As shown in Figure 5, a three-stage combination method for product portfolio design was provided by this paper. When actually applying the method constructed in this article, we must first clarify the input-output characteristics of the product mix, be able to construct accurate product input-output equations and their parameters, construct the MCGP model based on the input-output equation, and embed the equilibrium conditions of the population dynamics into the MCGP model to form a multiobjective optimization model (logistic-MCGP model) considering the requirements of coordination. Finally, the optimization results of the model are evaluated through parameter sensitivity analysis and optimization value synergy analysis.

7. Conclusion

This paper combined the population dynamic model (logistic model) with the MCGP model to build an analytical path that takes input and output perspectives into account.
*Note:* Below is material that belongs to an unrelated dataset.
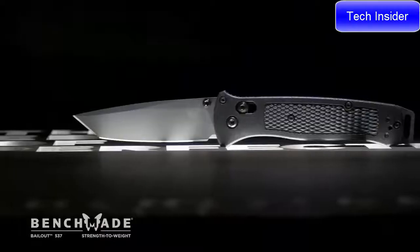My name is Vance Culver. I'm a product line manager here at Benchmade Knife Company. Today we're going to be talking about the 537 Bailout.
This paper used optimization values to evaluate population size suitability, which made the evaluation more operable. The results show that combining the two models improves the evaluation of the scale suitability of PPs. In the enterprise product ecosystem, multiple related populations affect each other and there are also interactive behaviors in the PPs. This kind of mutually influential behavior can take the form of coordination or competition. The total resource variable is set in the model, which fully reflects the resource constraint mechanism. The ecosystem can carry out self-organized evolution, and cooperation among or within populations can promote a “win-win” situation. However, in reality, the existence of negative cases challenges the self-organized evolution of the product ecosystem. This is due to a lack of detailed and in-depth analysis of the product ecosystem’s mechanisms. This ecosystem is complex, and its operation is inevitably affected by product interactions. The model fully considers the impact of resource constraints on different PPs and then assesses how this might affect the direction of ecosystem evolution.

The innovation subject should, in engaging with management practice, view the innovation activity through an ecosystem lens. When managers make product policies, they should acknowledge the objective process of product development. The enterprise should not blindly encourage the scale expansion of products. In many cases, the enterprise only considers the scale of the PPs but ignores its development structure, and this restricts the product ecosystem’s input-output efficiency. Enterprises from across different levels can draw on this paper and formulate policies that will guide the appropriate development of PPs scale. Enterprises, meanwhile, can use its research methods to analyze the competitive situation of different products. Enterprises can adjust their product development strategy and resource allocation by drawing on the results of the competitive situation analysis. The paper used the logistic model of population dynamics and the MCGP method to study the appropriate population scale and structure. In the future, special models and research methods should be developed to study the optimal development scale of PPs. Current research does not consider the different life cycles of PPs. The demands for PP resources are changing in the whole life cycle. Future studies should consider the characteristics of the population life cycle and incorporate life cycle factors into their analytical models.

Data Availability

The experimental data used to support the findings of this study are included within the article.

Conflicts of Interest

The authors declare that they have no conflicts of interest.

Acknowledgments

This work was supported by the National Social Science Foundation of China (no. 20BGL203). Thanks are due to Professor Ching-Ter Chang (who proposed the multichoice goal programming method in 2007) of Chang Gung University for his suggestions on this paper.